▶ PROBLEM TO SOLVE: A faithful copy is needed of the lines below from the one with "ファミリーマート 世田谷北沢四丁目店の画像" up to and including the one with "Σέρρες: Εμβολιάστηκε γιαγιά"; set it down with no pictures and no other lines.

------ SOURCE INFORMATION

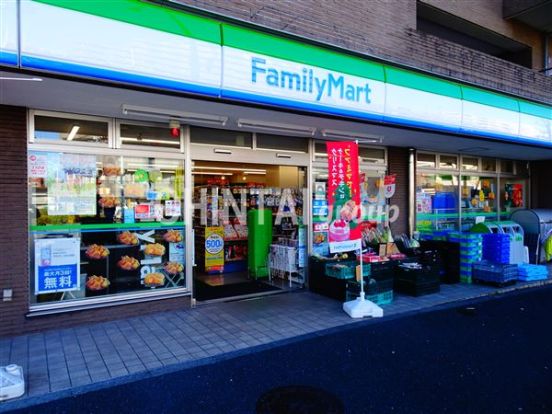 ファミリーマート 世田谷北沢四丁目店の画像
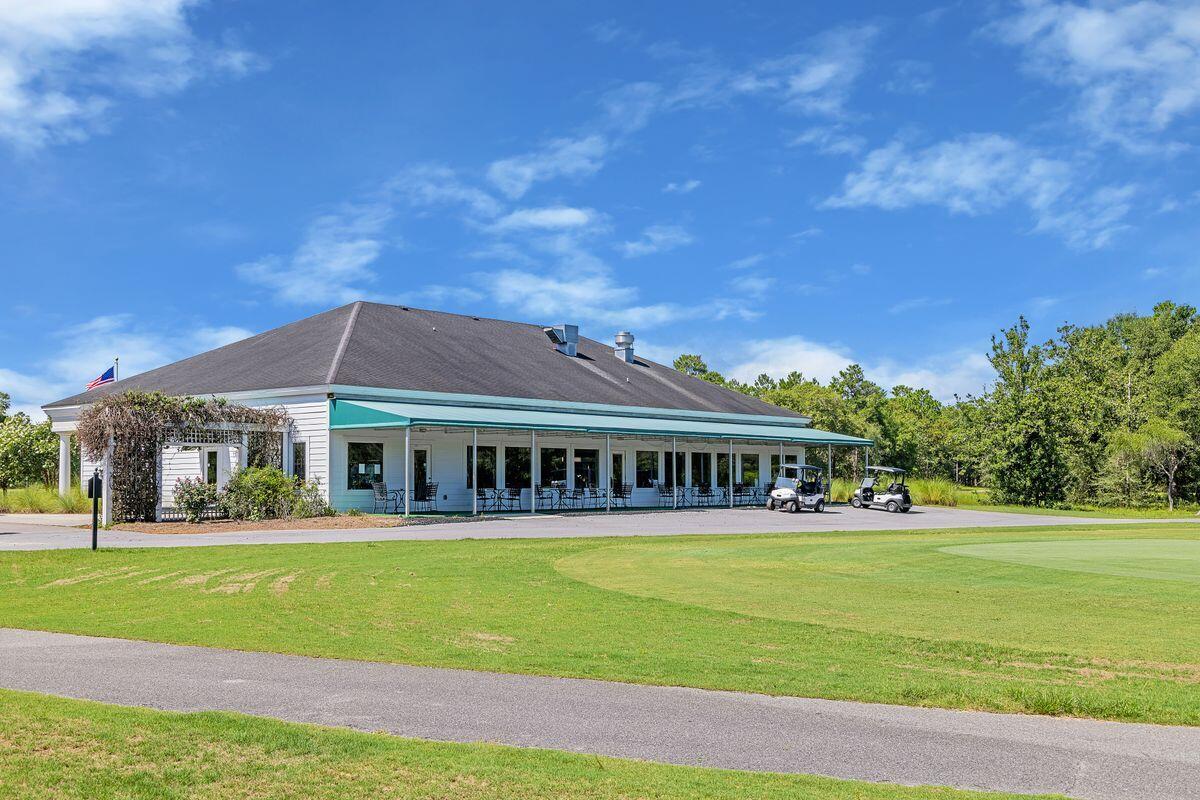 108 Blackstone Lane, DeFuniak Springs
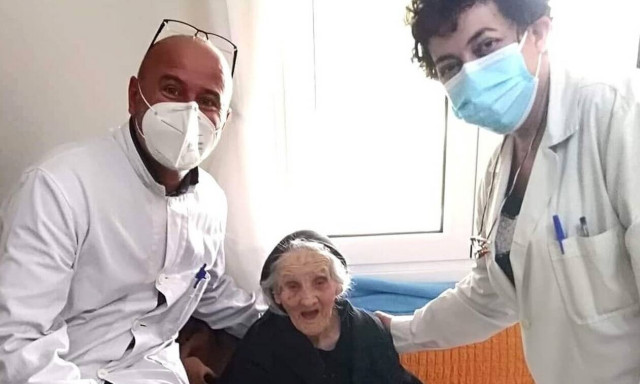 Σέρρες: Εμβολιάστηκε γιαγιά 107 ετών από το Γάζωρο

------------
------ SOURCE INFORMATION

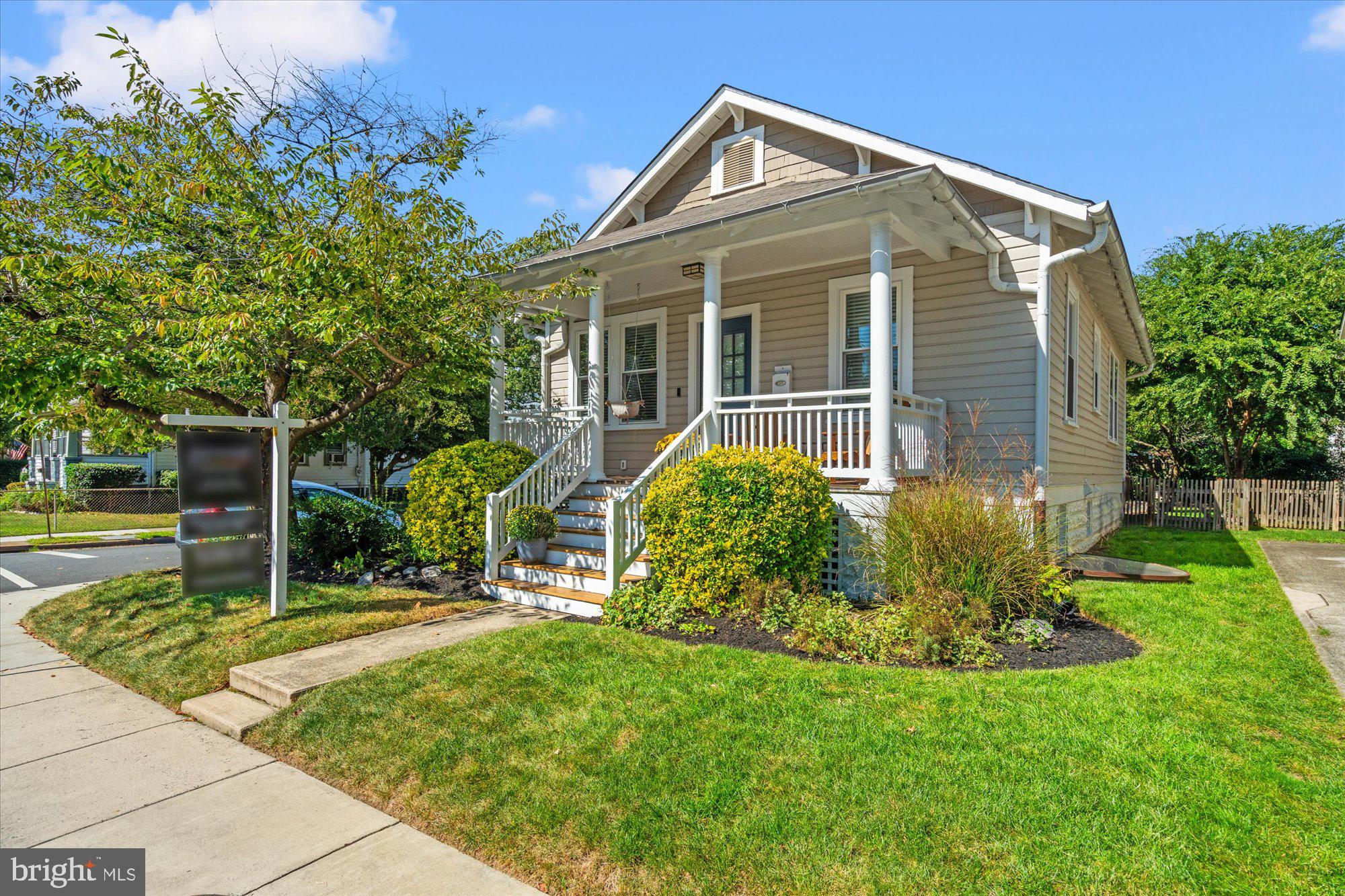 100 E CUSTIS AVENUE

------------
------ SOURCE INFORMATION

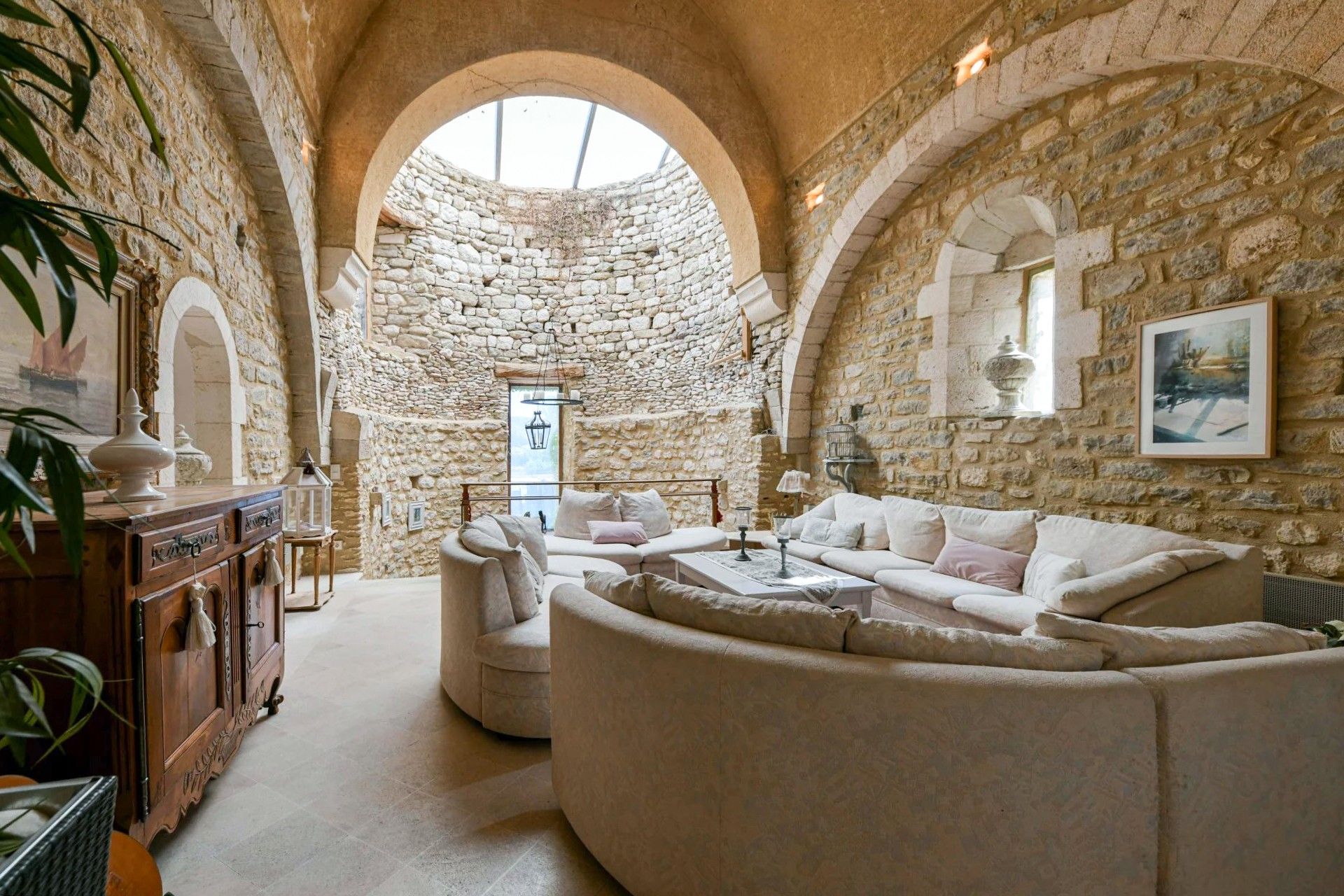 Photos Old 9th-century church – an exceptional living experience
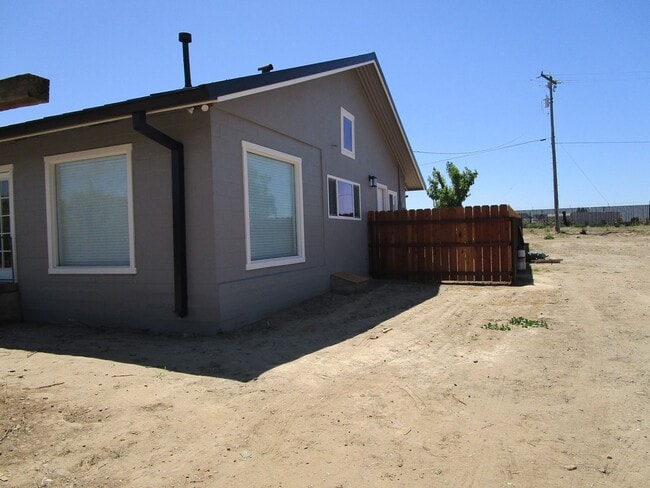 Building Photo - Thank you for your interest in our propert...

------------

▶ ANSWER SECTION:
 ファミリーマート 世田谷北沢四丁目店の画像
 108 Blackstone Lane, DeFuniak Springs
 Σέρρες: Εμβολιάστηκε γιαγιά 107 ετών από το Γάζωρο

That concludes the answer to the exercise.